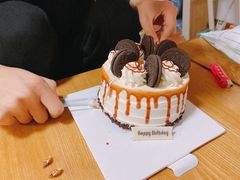 焦糖烤布蕾&nbsp;Brulee-第戎蛋糕(恒隆广场店)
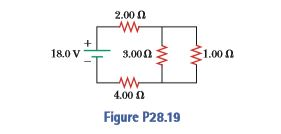 Solved Calculate the power delivered to each resistor in the | Chegg.com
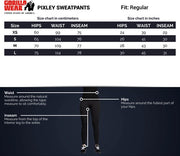 Gorilla Wear Pixley Sweatpants - NutriFirst Pte Ltd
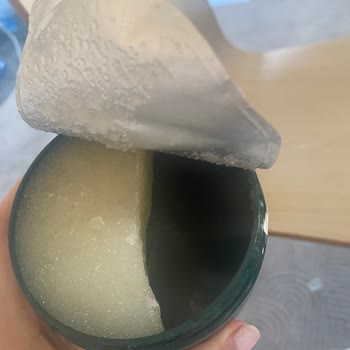 Rossmann'dan Aldığım Peeling Ürünü Yarı Dolu, İade Talebim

Problem. A word-for-word copy of the listing is needed, with no pictures in it.

Result of the exercise.
 焦糖烤布蕾&nbsp;Brulee-第戎蛋糕(恒隆广场店)
 Solved Calculate the power delivered to each resistor in the | Chegg.com
 Gorilla Wear Pixley Sweatpants - NutriFirst Pte Ltd
 Rossmann'dan Aldığım Peeling Ürünü Yarı Dolu, İade Talebim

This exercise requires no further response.